Kobieta zapytała o to, jak ma te pieniądze przekazać, skoro jej wnuk jest za granica. W odpowiedzi usłyszała, że policja na całym świecie ze sobą współpracuje, że przyjdzie do niej jego znajomy i odbierze gotówkę.
Seniorka uwierzyła w „legendę” oszusta, zebrała wszystkie pieniądze, jakie miała w domu – w sumie niemal 47 000 zł w różnych walutach. Gotówkę umieściła w lnianym worku i przekazała mężczyźnie, który zapukał do jej drzwi.
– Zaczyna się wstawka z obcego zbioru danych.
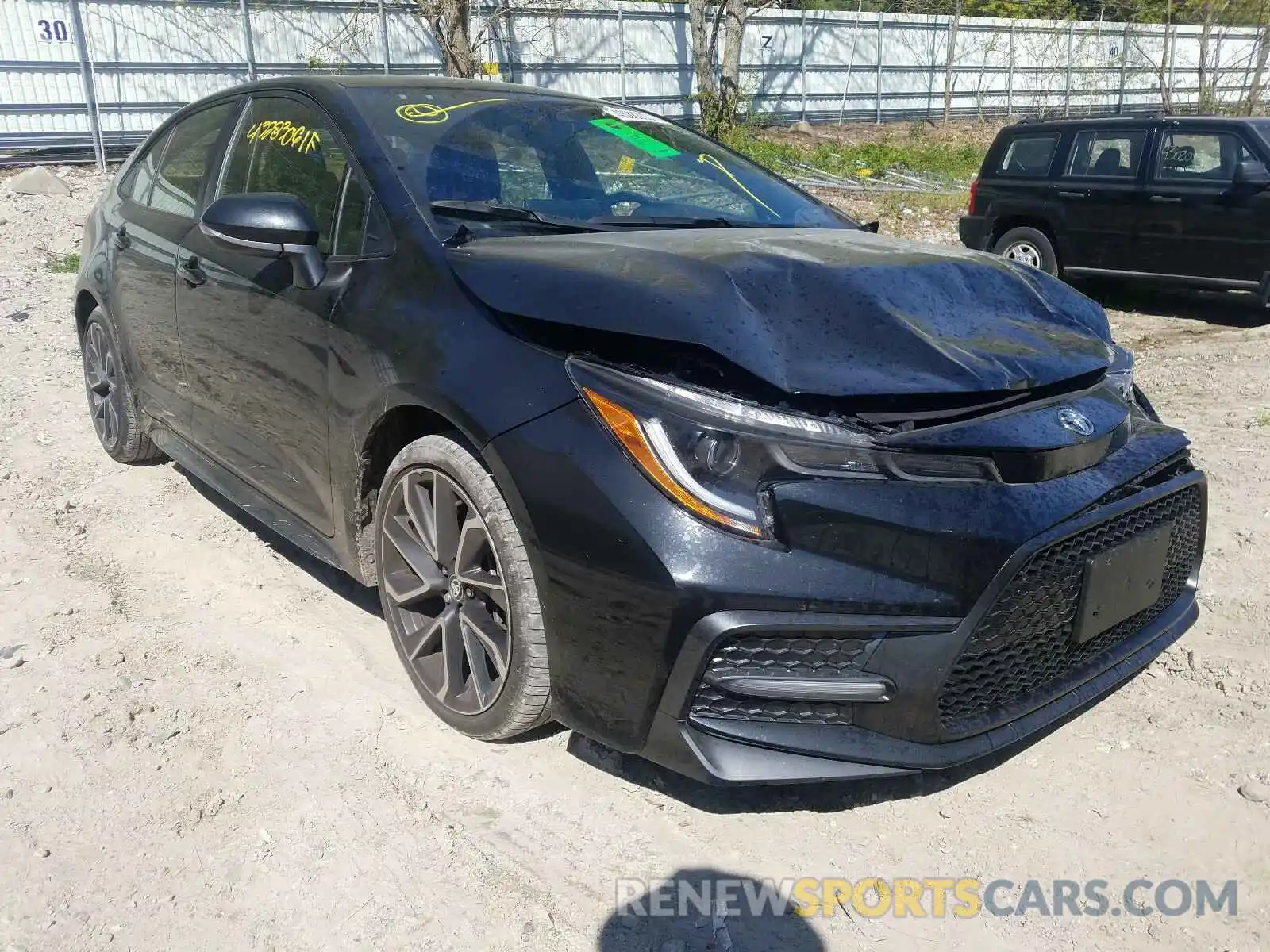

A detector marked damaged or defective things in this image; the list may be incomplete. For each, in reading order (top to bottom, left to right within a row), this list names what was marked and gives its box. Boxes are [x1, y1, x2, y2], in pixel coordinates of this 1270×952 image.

damaged hood [444, 228, 1112, 398]
crumpled hood [447, 228, 1112, 398]
crumpled fender [447, 228, 1112, 398]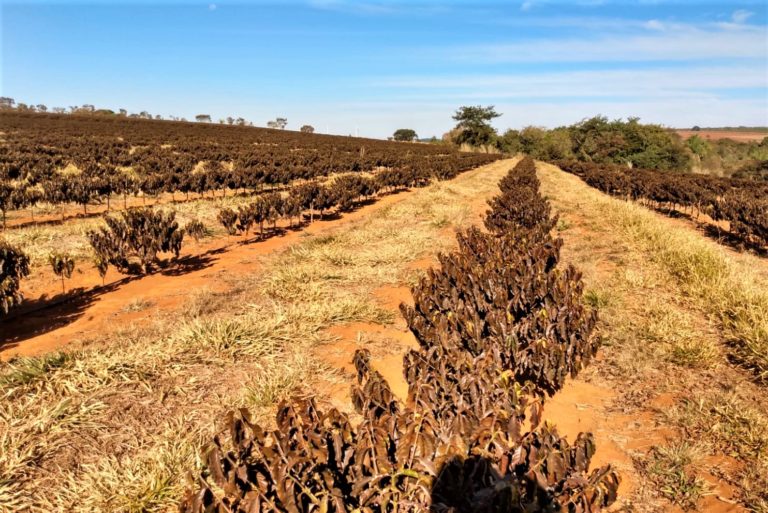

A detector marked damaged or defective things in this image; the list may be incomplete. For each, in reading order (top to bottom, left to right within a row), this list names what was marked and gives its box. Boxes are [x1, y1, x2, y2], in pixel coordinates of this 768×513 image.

frost-damaged crop [0, 238, 29, 314]
frost-damaged crop [178, 157, 616, 512]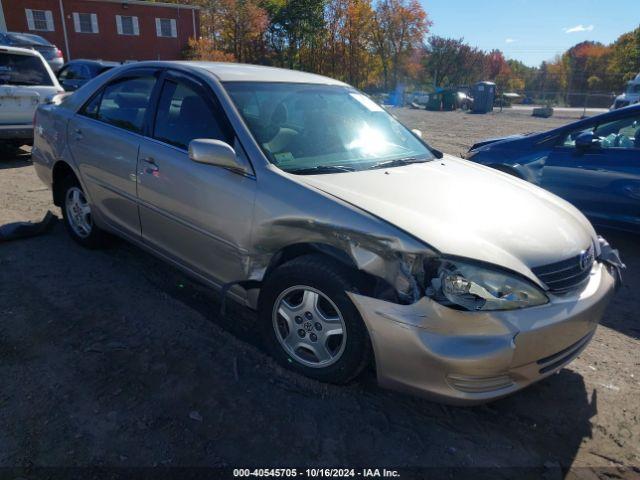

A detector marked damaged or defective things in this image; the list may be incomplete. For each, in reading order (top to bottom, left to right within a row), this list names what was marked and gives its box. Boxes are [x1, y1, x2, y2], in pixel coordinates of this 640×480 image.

damaged front bumper [348, 258, 616, 404]
broken headlight [424, 258, 552, 312]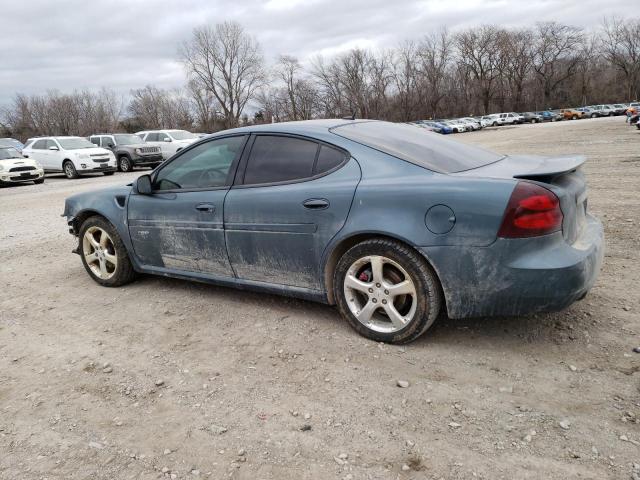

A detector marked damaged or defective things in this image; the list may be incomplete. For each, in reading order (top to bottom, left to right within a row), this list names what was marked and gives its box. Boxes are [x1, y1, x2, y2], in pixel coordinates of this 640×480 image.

damaged front bumper [420, 214, 604, 318]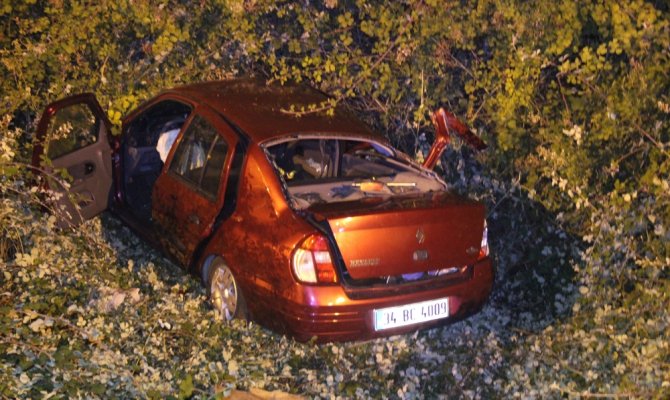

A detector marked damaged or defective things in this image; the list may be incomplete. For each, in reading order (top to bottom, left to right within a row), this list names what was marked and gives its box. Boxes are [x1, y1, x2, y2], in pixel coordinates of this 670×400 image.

damaged red car [32, 79, 494, 340]
crushed car roof [167, 77, 384, 144]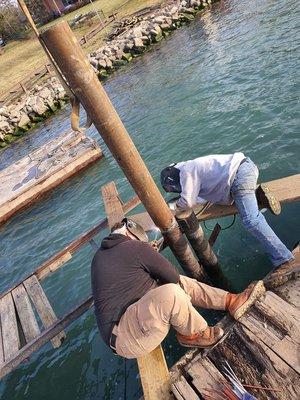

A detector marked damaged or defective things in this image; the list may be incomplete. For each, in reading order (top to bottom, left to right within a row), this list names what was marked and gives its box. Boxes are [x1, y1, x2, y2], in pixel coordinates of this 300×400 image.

rusty pipe section [39, 21, 204, 278]
broken plank [101, 182, 123, 228]
rusty pipe section [177, 209, 229, 288]
broken plank [0, 292, 19, 360]
broken plank [11, 284, 40, 344]
broken plank [23, 276, 65, 346]
splintered wood [171, 274, 300, 398]
broken plank [137, 346, 172, 400]
broken plank [171, 376, 199, 398]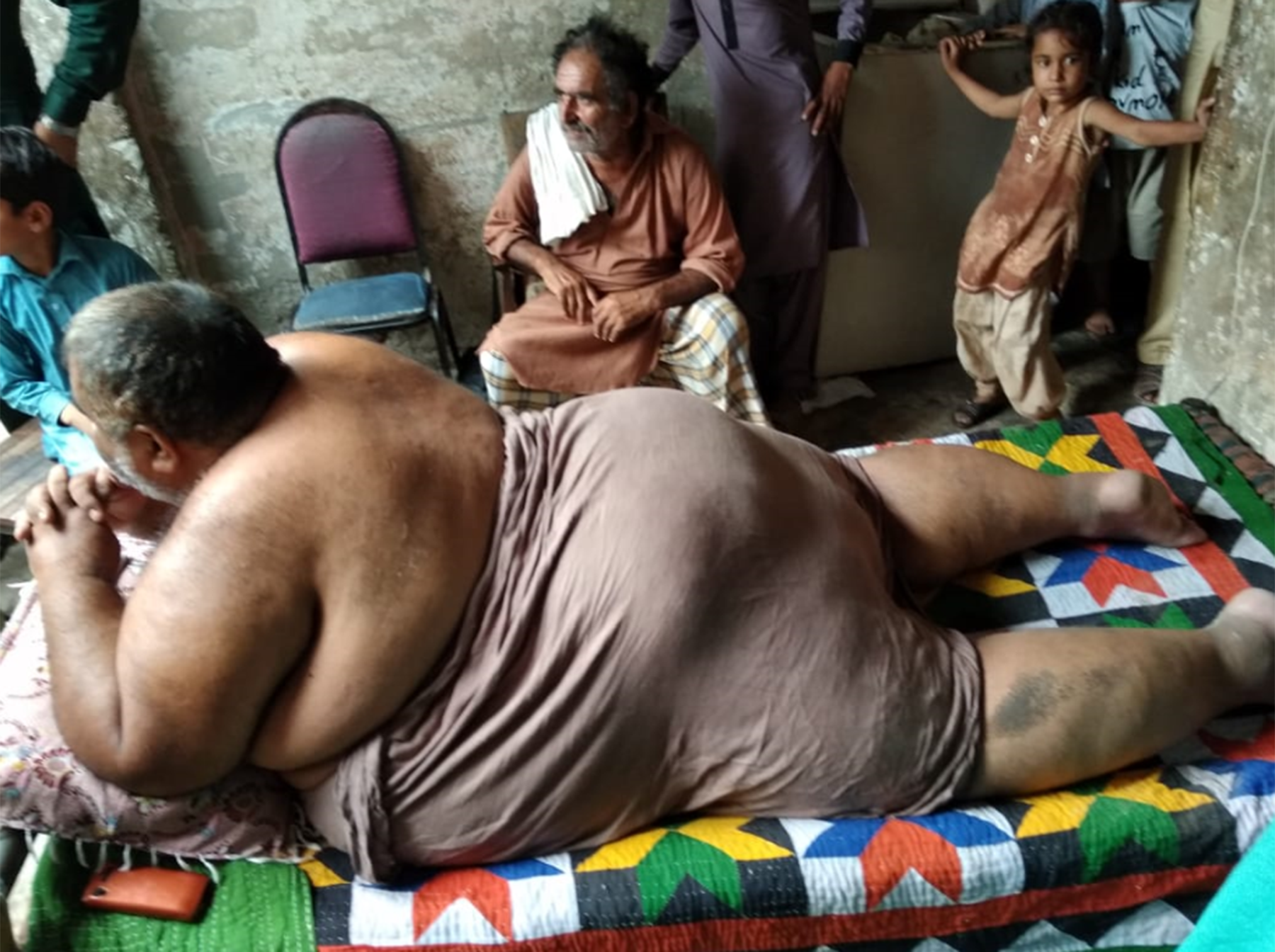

Tak zwany „odbierak” wziął pakunek, powiedział, że nie ma czasu rozmawiać, musi się śpieszyć, bo potrącona kobieta może w każdej chwili umrzeć. Mężczyzna nie cieszył się długo z powodzenia akcji, pierwszymi osobami, które spotkał po odejściu od drzwi pokrzywdzonej byli policjanci z wydziału do Walki z Przestępczością Przeciwko Mieniu KMP w Olsztynie i kryminalni z Komendy Wojewódzkiej Policji w Olsztynie.
Zatrzymany to 19-letni mieszkaniec powiatu legionowskiego. Usłyszał już zarzut udziału w oszustwie przy wykorzystaniu metody „na wnuczka”. Został objęty policyjnym dozorem, grozi mu kara do 8 lat pozbawienia wolności. Śledczy zaznaczają, że sprawa ma charakter rozwojowy.